■ WHAT YOU NEED TO DO
Once the line containing "King´s Quest IV: The Perils of Rosella" is found in the entries below, reproduce it and every line after it, stopping at and including the line containing "ประกันโรคเบาหวาน"; reproduce nothing else, and keep each line exact.

■ LISTED ENTRIES
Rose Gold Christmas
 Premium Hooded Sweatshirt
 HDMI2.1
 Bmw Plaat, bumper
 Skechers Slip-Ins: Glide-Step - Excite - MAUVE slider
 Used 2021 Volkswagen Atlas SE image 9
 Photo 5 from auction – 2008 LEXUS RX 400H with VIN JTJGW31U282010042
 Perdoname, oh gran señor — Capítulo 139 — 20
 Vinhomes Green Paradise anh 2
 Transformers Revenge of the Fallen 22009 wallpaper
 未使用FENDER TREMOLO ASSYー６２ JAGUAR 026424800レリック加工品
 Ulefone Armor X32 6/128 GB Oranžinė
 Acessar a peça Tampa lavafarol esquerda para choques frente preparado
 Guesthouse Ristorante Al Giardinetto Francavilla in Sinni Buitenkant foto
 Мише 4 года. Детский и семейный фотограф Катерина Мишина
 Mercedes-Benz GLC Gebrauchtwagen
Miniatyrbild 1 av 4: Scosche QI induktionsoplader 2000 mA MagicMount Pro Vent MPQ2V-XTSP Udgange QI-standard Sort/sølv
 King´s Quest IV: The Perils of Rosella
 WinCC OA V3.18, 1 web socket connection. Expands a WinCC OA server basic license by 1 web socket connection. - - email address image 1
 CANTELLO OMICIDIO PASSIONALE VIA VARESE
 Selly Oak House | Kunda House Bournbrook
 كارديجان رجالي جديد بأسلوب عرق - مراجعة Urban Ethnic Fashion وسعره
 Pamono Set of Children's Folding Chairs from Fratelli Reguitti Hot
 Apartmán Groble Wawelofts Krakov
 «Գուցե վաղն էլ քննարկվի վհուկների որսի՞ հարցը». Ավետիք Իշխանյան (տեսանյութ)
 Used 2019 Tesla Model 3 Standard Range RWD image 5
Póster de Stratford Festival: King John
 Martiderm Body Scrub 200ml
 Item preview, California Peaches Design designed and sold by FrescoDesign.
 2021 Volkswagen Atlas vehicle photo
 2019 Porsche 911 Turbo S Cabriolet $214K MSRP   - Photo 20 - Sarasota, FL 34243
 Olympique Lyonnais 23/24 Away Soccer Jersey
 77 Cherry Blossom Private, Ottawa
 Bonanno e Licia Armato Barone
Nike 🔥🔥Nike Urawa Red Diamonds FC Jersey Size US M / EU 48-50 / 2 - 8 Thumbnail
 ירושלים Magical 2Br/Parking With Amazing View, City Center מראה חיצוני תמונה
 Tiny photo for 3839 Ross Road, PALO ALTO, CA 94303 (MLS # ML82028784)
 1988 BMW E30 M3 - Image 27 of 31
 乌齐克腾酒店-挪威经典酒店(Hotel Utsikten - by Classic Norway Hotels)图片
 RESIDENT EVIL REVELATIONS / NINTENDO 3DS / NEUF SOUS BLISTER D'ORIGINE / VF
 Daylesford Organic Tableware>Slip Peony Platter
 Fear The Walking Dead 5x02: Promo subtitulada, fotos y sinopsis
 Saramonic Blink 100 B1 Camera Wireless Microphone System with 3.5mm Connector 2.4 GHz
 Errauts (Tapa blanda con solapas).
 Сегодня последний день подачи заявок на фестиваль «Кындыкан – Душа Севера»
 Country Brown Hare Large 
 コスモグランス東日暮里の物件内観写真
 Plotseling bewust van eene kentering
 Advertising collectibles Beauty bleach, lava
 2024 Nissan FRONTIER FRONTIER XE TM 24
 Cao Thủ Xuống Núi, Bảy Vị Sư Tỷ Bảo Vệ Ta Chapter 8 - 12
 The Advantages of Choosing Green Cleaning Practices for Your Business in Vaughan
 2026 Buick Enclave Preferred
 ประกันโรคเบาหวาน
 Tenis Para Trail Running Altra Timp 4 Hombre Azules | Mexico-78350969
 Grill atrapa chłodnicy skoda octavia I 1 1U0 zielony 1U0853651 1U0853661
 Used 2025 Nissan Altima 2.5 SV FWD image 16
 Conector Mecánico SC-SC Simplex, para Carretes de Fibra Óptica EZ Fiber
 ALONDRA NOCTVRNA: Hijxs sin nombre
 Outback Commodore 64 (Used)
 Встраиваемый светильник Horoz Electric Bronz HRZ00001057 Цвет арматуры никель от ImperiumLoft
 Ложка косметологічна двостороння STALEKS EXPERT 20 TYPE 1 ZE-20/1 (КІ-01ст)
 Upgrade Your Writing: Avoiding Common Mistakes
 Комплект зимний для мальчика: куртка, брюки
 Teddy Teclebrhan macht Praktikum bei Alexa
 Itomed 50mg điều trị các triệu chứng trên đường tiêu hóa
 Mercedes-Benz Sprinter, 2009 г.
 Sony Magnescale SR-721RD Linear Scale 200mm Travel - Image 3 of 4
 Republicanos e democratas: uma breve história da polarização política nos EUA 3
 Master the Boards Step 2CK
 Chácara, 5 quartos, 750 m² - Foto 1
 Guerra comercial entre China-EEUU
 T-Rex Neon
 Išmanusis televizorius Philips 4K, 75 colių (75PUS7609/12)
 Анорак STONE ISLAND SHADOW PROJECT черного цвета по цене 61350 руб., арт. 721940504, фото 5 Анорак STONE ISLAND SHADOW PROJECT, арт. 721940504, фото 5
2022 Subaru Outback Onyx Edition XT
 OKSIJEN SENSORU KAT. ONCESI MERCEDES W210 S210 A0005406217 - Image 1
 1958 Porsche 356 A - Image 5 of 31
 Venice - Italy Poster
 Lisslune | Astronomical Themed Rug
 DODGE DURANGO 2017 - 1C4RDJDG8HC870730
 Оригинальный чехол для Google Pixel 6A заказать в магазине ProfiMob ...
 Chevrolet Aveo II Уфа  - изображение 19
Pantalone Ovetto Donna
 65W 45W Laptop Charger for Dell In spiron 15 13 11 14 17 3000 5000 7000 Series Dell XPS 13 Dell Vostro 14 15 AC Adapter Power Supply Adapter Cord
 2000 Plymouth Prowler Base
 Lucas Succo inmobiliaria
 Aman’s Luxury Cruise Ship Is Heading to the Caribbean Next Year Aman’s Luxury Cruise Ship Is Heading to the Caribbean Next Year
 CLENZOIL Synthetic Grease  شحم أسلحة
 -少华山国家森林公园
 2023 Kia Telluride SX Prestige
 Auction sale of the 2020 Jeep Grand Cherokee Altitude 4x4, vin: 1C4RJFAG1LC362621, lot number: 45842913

■ PROBLEM SOLUTION
 King´s Quest IV: The Perils of Rosella
 WinCC OA V3.18, 1 web socket connection. Expands a WinCC OA server basic license by 1 web socket connection. - - email address image 1
 CANTELLO OMICIDIO PASSIONALE VIA VARESE
 Selly Oak House | Kunda House Bournbrook
 كارديجان رجالي جديد بأسلوب عرق - مراجعة Urban Ethnic Fashion وسعره
 Pamono Set of Children's Folding Chairs from Fratelli Reguitti Hot
 Apartmán Groble Wawelofts Krakov
 «Գուցե վաղն էլ քննարկվի վհուկների որսի՞ հարցը». Ավետիք Իշխանյան (տեսանյութ)
 Used 2019 Tesla Model 3 Standard Range RWD image 5
Póster de Stratford Festival: King John
 Martiderm Body Scrub 200ml
 Item preview, California Peaches Design designed and sold by FrescoDesign.
 2021 Volkswagen Atlas vehicle photo
 2019 Porsche 911 Turbo S Cabriolet $214K MSRP   - Photo 20 - Sarasota, FL 34243
 Olympique Lyonnais 23/24 Away Soccer Jersey
 77 Cherry Blossom Private, Ottawa
 Bonanno e Licia Armato Barone
Nike 🔥🔥Nike Urawa Red Diamonds FC Jersey Size US M / EU 48-50 / 2 - 8 Thumbnail
 ירושלים Magical 2Br/Parking With Amazing View, City Center מראה חיצוני תמונה
 Tiny photo for 3839 Ross Road, PALO ALTO, CA 94303 (MLS # ML82028784)
 1988 BMW E30 M3 - Image 27 of 31
 乌齐克腾酒店-挪威经典酒店(Hotel Utsikten - by Classic Norway Hotels)图片
 RESIDENT EVIL REVELATIONS / NINTENDO 3DS / NEUF SOUS BLISTER D'ORIGINE / VF
 Daylesford Organic Tableware>Slip Peony Platter
 Fear The Walking Dead 5x02: Promo subtitulada, fotos y sinopsis
 Saramonic Blink 100 B1 Camera Wireless Microphone System with 3.5mm Connector 2.4 GHz
 Errauts (Tapa blanda con solapas).
 Сегодня последний день подачи заявок на фестиваль «Кындыкан – Душа Севера»
 Country Brown Hare Large 
 コスモグランス東日暮里の物件内観写真
 Plotseling bewust van eene kentering
 Advertising collectibles Beauty bleach, lava
 2024 Nissan FRONTIER FRONTIER XE TM 24
 Cao Thủ Xuống Núi, Bảy Vị Sư Tỷ Bảo Vệ Ta Chapter 8 - 12
 The Advantages of Choosing Green Cleaning Practices for Your Business in Vaughan
 2026 Buick Enclave Preferred
 ประกันโรคเบาหวาน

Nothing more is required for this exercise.